Collected data

- Opening Delimiter -

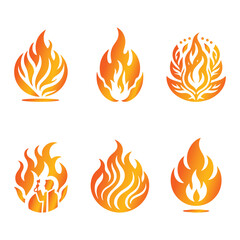 Shilhoutte fire symbol vector set on white background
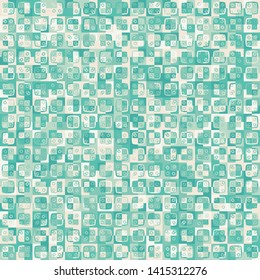 Seamless pattern. Texture formed from squares and rings. Camouflage style. Not bright colors.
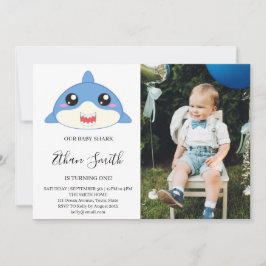 Niedlicher Baby Shark Geburtstag Foto Einladung
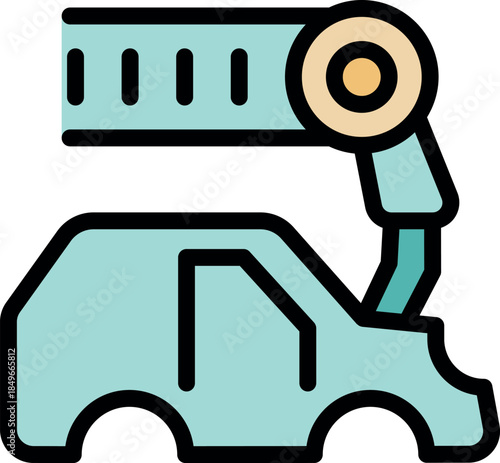 Robotic arm is pressing metal to create a car body in an automated industrial process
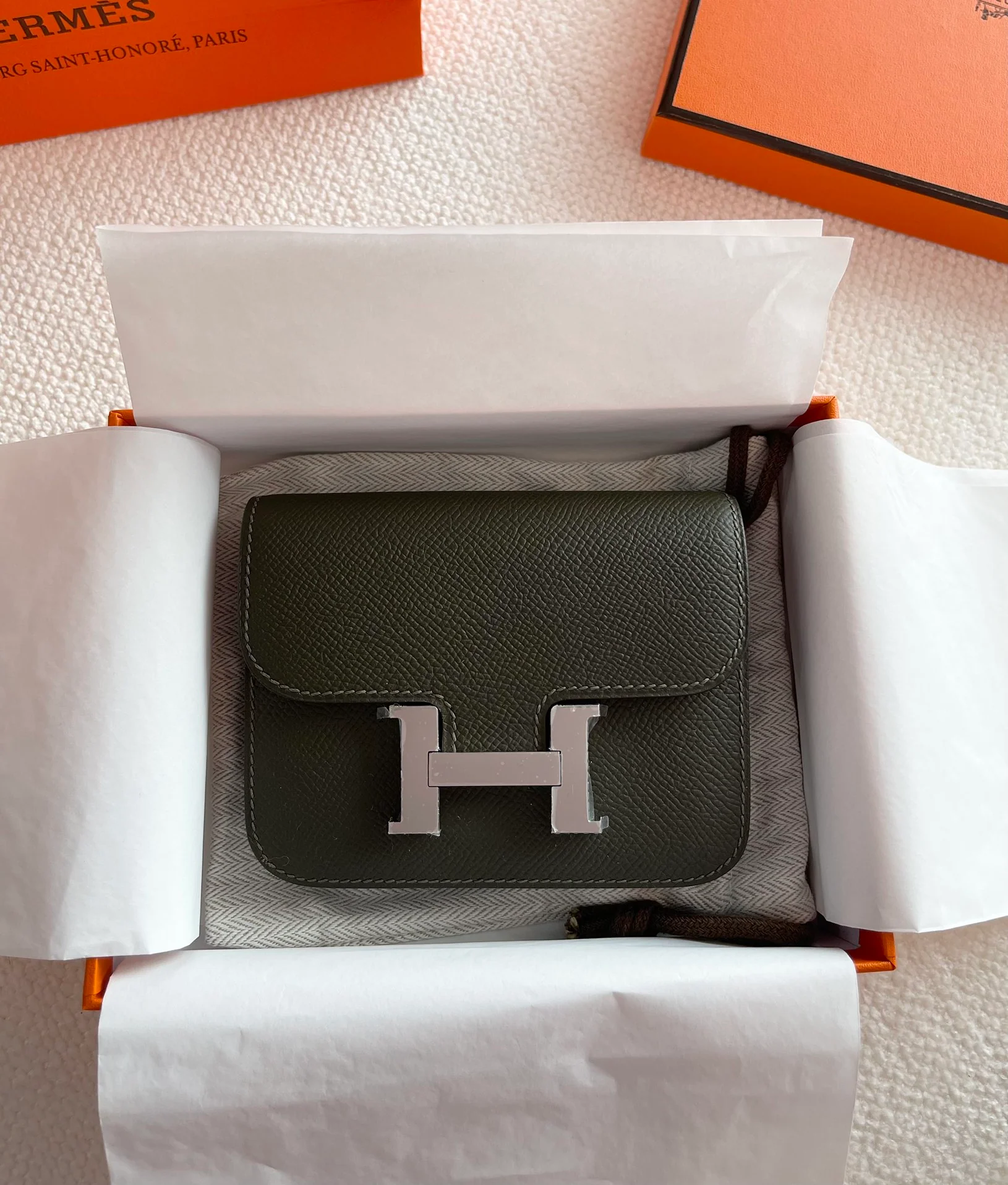 Hermes Constance Mini 19 Серо-зеленая пряжка Epsom Silver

- Closing Delimiter -

YOUR GOAL
The records above need to be given again exactly. Omit the pictures.

ANSWER BOX
 Shilhoutte fire symbol vector set on white background
 Seamless pattern. Texture formed from squares and rings. Camouflage style. Not bright colors.
 Niedlicher Baby Shark Geburtstag Foto Einladung
 Robotic arm is pressing metal to create a car body in an automated industrial process
 Hermes Constance Mini 19 Серо-зеленая пряжка Epsom Silver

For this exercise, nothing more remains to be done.